◆ **PROBLEM STATEMENT**
Every line from the one holding "ETVOS マットスムースミネラルファンデーション　2袋セットのサムネイル" to the end of the entries should be repeated exactly, with the pictures left out.

◆ **EXTRACTED MATERIAL**

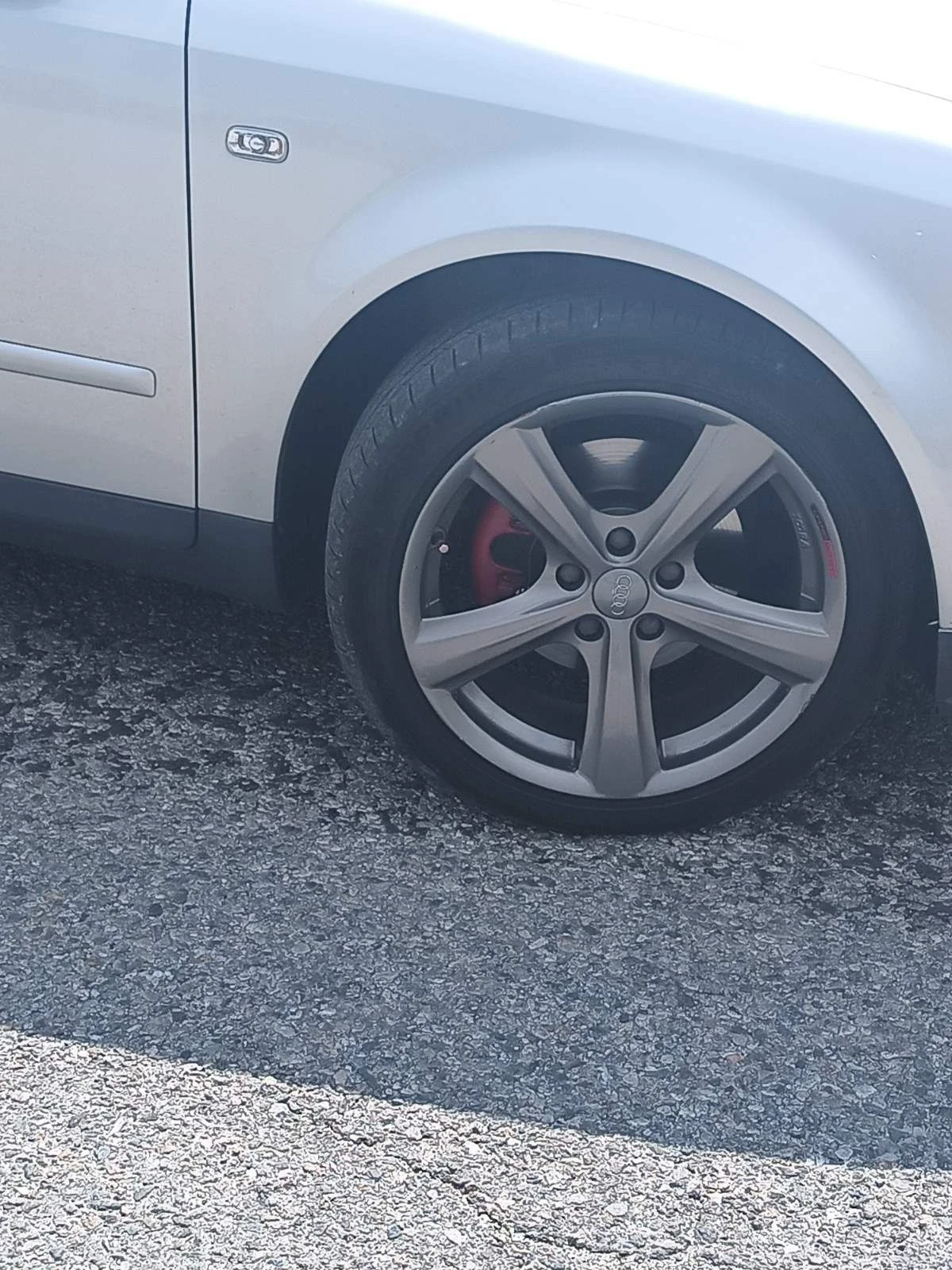 Audi A4 А4, снимка 7 - Автомобили и джипове - 55952201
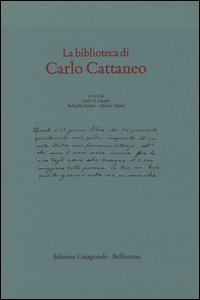 La biblioteca di Carlo Cattaneo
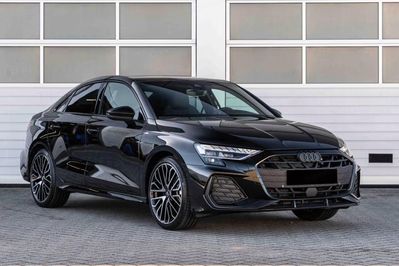 Audi A3 35 TFSI S Line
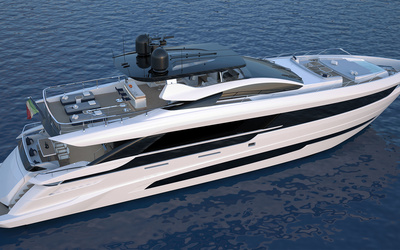 Mangusta Gransport 33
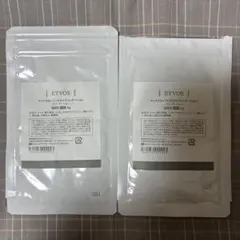 ETVOS マットスムースミネラルファンデーション　2袋セットのサムネイル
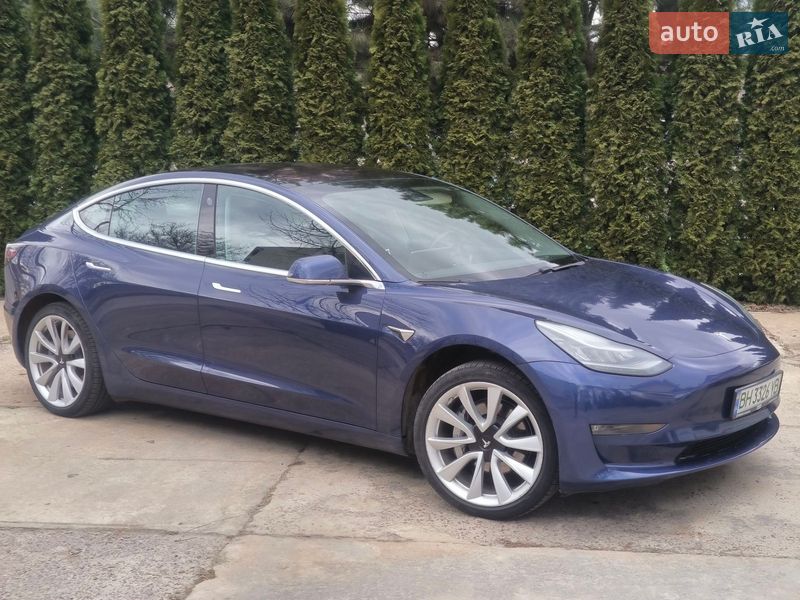 Седан Tesla Model 3 2017 в Одессе фото 11 Седан Tesla Model 3 2017 в Одессе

◆ **EXERCISE RESULT**
 ETVOS マットスムースミネラルファンデーション　2袋セットのサムネイル
 Седан Tesla Model 3 2017 в Одессе фото 11 Седан Tesla Model 3 2017 в Одессе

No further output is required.